Saint-Hubert airport acquires a terminal and a hotel

Saint-Hubert airport will become a hub for Canadian flights, with the announcement on Monday of the construction of a new terminal in partnership with Porter Aviation. The project, which also includes the construction of a 130-room hotel, will eventually be able to accommodate four million passengers per year.

The construction works of the new terminal with an area of ​​21,000 m2 are scheduled to begin in mid-2023 and be completed by the end of 2024. The terminal and hotel represent a $200 million investment by Aéroport Montréal Saint-Hubert, in partnership with Porter Aviation Holdings and the hotelier Holiday Inn.

Carrier Porter, which is also present at Montreal-Trudeau airport, plans to serve all major Canadian cities and will also be able to transfer passengers from regional carrier Pascan, which must add other regional services at the same time. Porter will use 78-seat De Havilland Dash 8-400 and 132-seat Embraer E195-E2 aircraft. The project should make it possible to create more than 500 permanent jobs, underlines the carrier.

The general manager of Saint-Hubert airport, Yanic Roy, wanted to be reassured at a press conference on Monday about noise pollution. Under a recent agreement, night flights will be banned from April 2024. In addition, aircraft on commercial flights gain altitude quickly, he said. “The inconvenience to local residents will be practically nil,” he argued.

“One of the parameters of the agreement with the airport is to contribute to the achievement of our objectives: we are aiming for carbon neutrality for 2050 in Longueuil. We are also talking about the quality of life of citizens, which is so important and which is respected by the development announced today,” argued the Mayor of Longueuil, Catherine Fournier.

Concerns

These remarks do not reassure the citizens who are members of the Planes Antipollution Committee – Longueuil (CAPA-L), which has been campaigning for years for better supervision of the activities of the Saint-Hubert airport and its noise pollution.

Spokesperson within this committee, Marie-Pierre Brunelle has the impression that citizens have been presented with a fait accompli. “There had been public consultations a few months ago. It was a very good step forward, but the recommendations talked about harmonious development, impact studies carried out beforehand and green energies. However, the plan announced today contradicts the recommendations of these consultations, ”she says.

Mme Brunelle points out that, for the past ten years, citizens have denounced the activities of flight schools, helicopter tours and night flights. Night activities should in theory be eliminated from 2024, but for the rest, the other existing problems will not be corrected, she indicates. “We propose an additional development. We are not fixing the situation. »

She doubts that the environmental claims related to the project will materialize. “There are no silent, non-polluting planes. They are going to do XX air transporte century.
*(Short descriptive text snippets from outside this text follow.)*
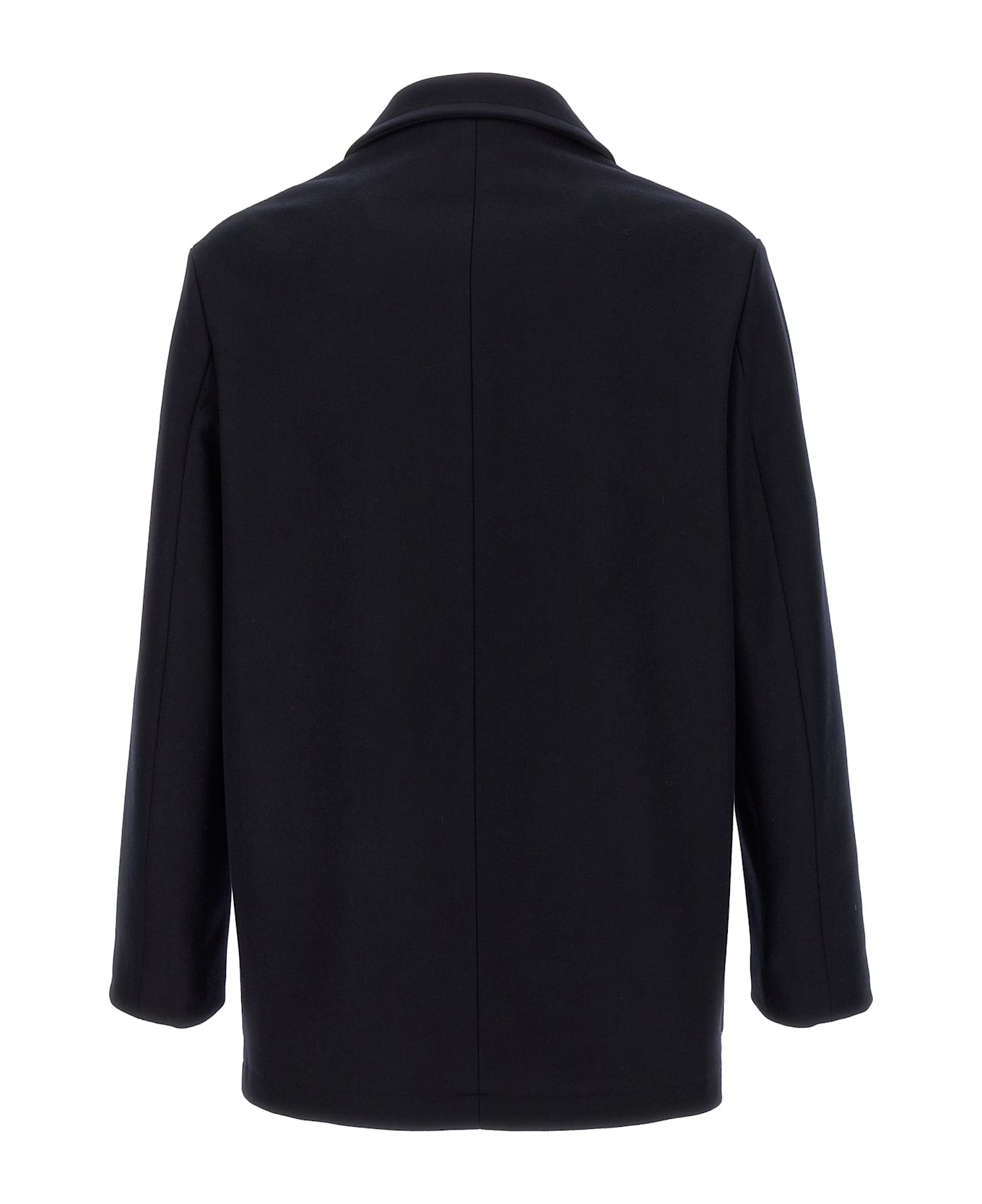 Barena 
dosio
 Coat - Blue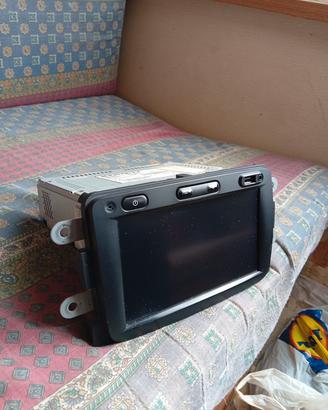 Renault Captur dacia Duster autoradio 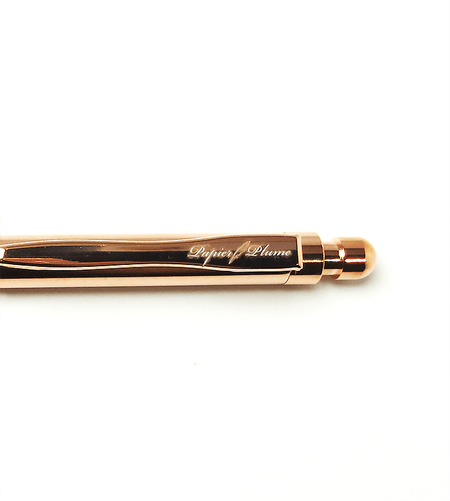 Nespen - Antimicrobial Copper Ballpoint Pen - Papier Plume Exclusive - Papier Plume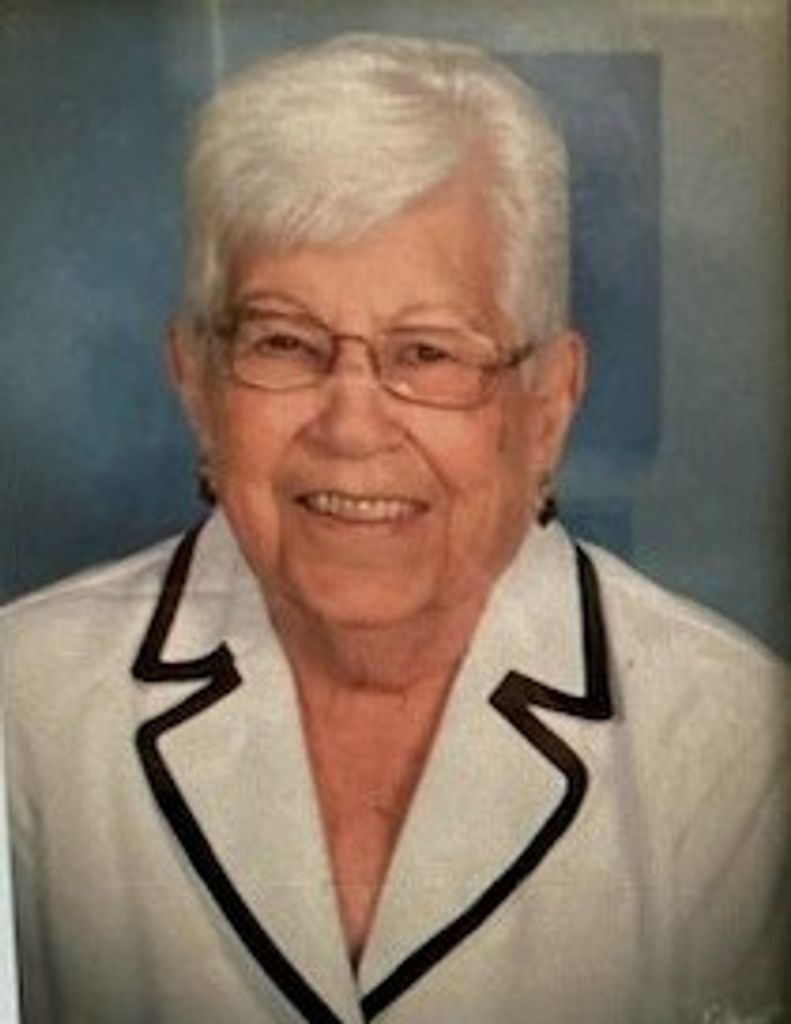 Mary Nichols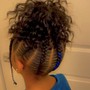 Bantu Knots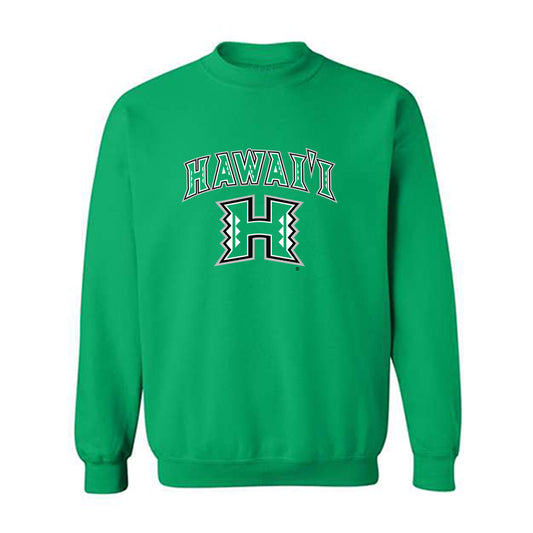 Hawaii - NCAA Men's Volleyball : Adrien Roure - Classic Shersey Crewneck Sweatshirt-0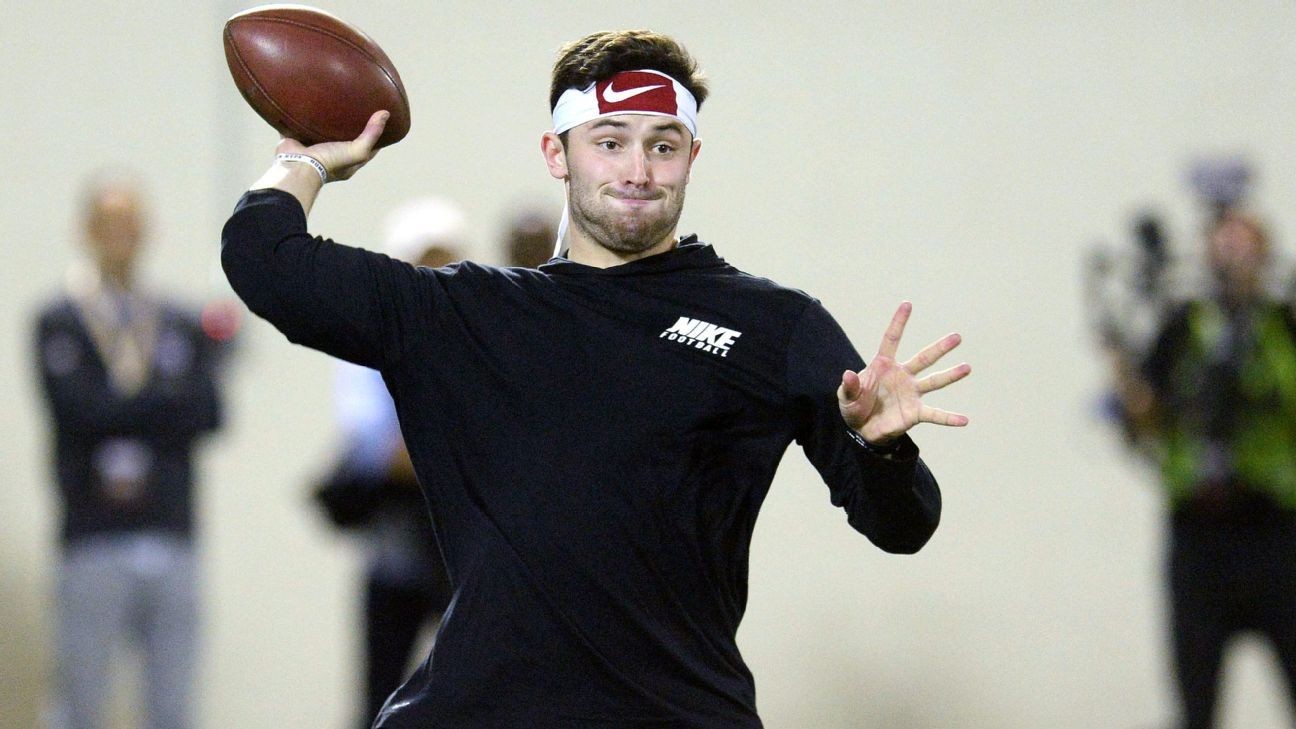 Baker Mayfield to Jets? It's possible, and it makes a lot of sense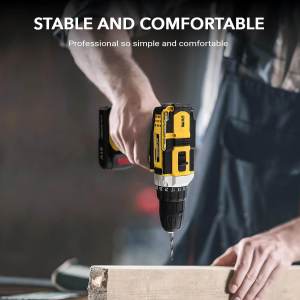Cordless Drill Heavy Duty Makita Original Japan Made Electtic Drill Set 48v to 168v Optional 2pc Battery Rechargeable Portable Brushless Hand Drill with Screwdriver Accessories Impact Wrench Heavy Duty On Sale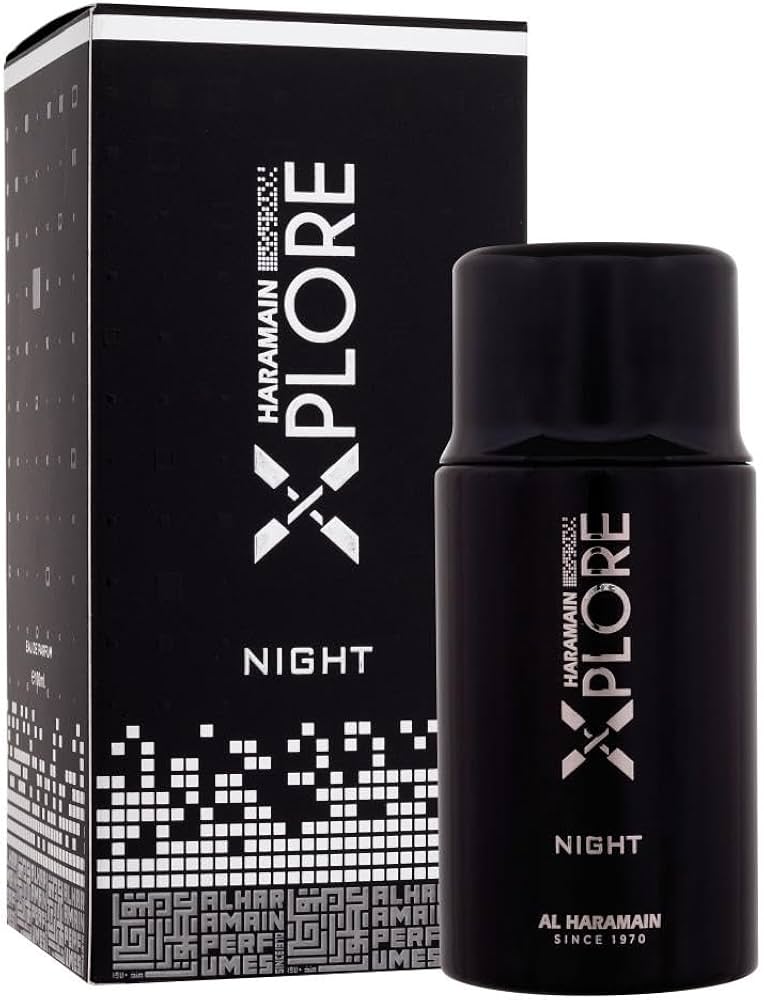 Xplore Night EDP 100ml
There’s nothing green about it,” she says.

A zone of innovation

The choice of Saint-Hubert has several advantages for Porter, which will benefit from lower operating costs, and it will allow it to avoid the saturation of large airports such as Pearson and Montreal-Trudeau, explains Mehran Ebrahimi, director of the International Observatory of Aeronautics and Civil Aviation, UQAM.

“It’s close to Montreal. There is a significant population density on the South Shore — and in the area that can extend to Drummondville and Trois-Rivières. Porter will also develop an electric shuttle between its terminal and the Longueuil metro. He is going to make Saint-Hubert his parent company, in a way,” he underlines.

Are citizens right to worry about noise pollution? “It’s true that the number of flights is increasing — by about 10% — but the planes that will be used will be very different from the planes we know and which create dissatisfaction. These are new generation planes, the Embraers, which are about half as noisy as the previous generation, ”he argues.

These planes gain altitude much faster and should be less disruptive than planes used by flight schools that fly at lower altitudes, adds the expert.

According to Ebrahimi, the new terminal project and the arrival of Porter could benefit the region and help create an aeronautical innovation zone around the airport. “Roughly a third of aerospace companies [au Québec] are already in the Longueuil agglomeration,” he recalled.